Fractional differential equations: alpha-entire solutions, regular and irregular singularities

TL;DR

This paper studies fractional differential equations of order alpha in (0,1), providing growth estimates for solutions, developing a Frobenius-like method for regular singularities, and analyzing solutions near irregular singularities with convergence properties.

Contribution

It introduces a growth estimate for alpha-entire solutions, adapts Frobenius method for fractional systems with regular singularities, and examines the convergence of formal solutions near irregular singularities.

Findings

Alpha-entire solutions have a specific growth order.
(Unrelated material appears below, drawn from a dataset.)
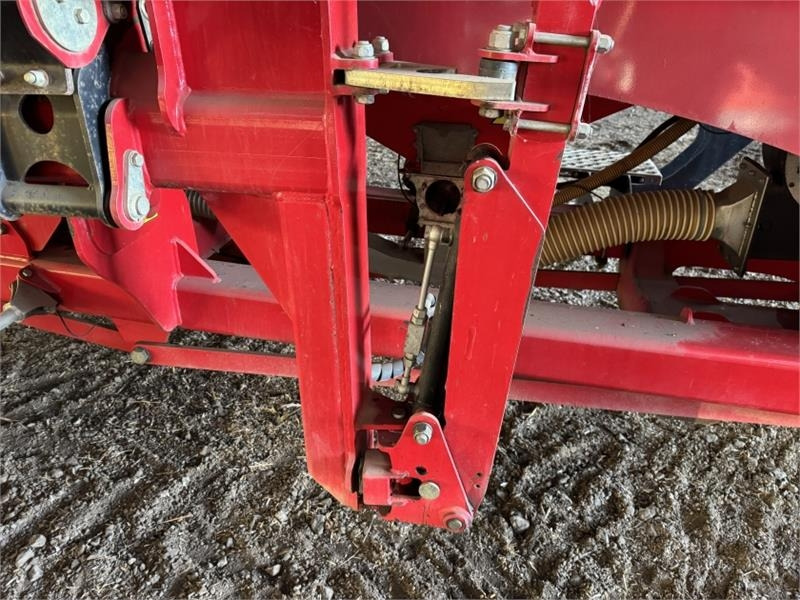 Semeadora combinada Sumo 6m DTS Deep Tillage Seeder Trailed Direct Drill: foto 23 Semeadora combinada Sumo 6m DTS Deep Tillage Seeder Trailed Direct Drill: foto 23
A Frobenius-type method is developed for fractional equations.

Formal solutions may converge or diverge depending on the nature of singularity and alpha.

Abstract

We consider fractional differential equations of order $\alpha \in (0,1)$ for functions of one independent variable $t\in (0,\infty)$ with the Riemann-Liouville and Caputo-Dzhrbashyan fractional derivatives. A precise estimate for the order of growth of $\alpha$-entire solutions is given. An analog of the Frobenius method for systems with regular singularity is developed. For a model example of an equation with a kind of an irregular singularity, a series for a formal solution is shown to be convergent for $t>0$ (if $\alpha$ is an irrational number poorly approximated by rational ones) but divergent in the distribution sense.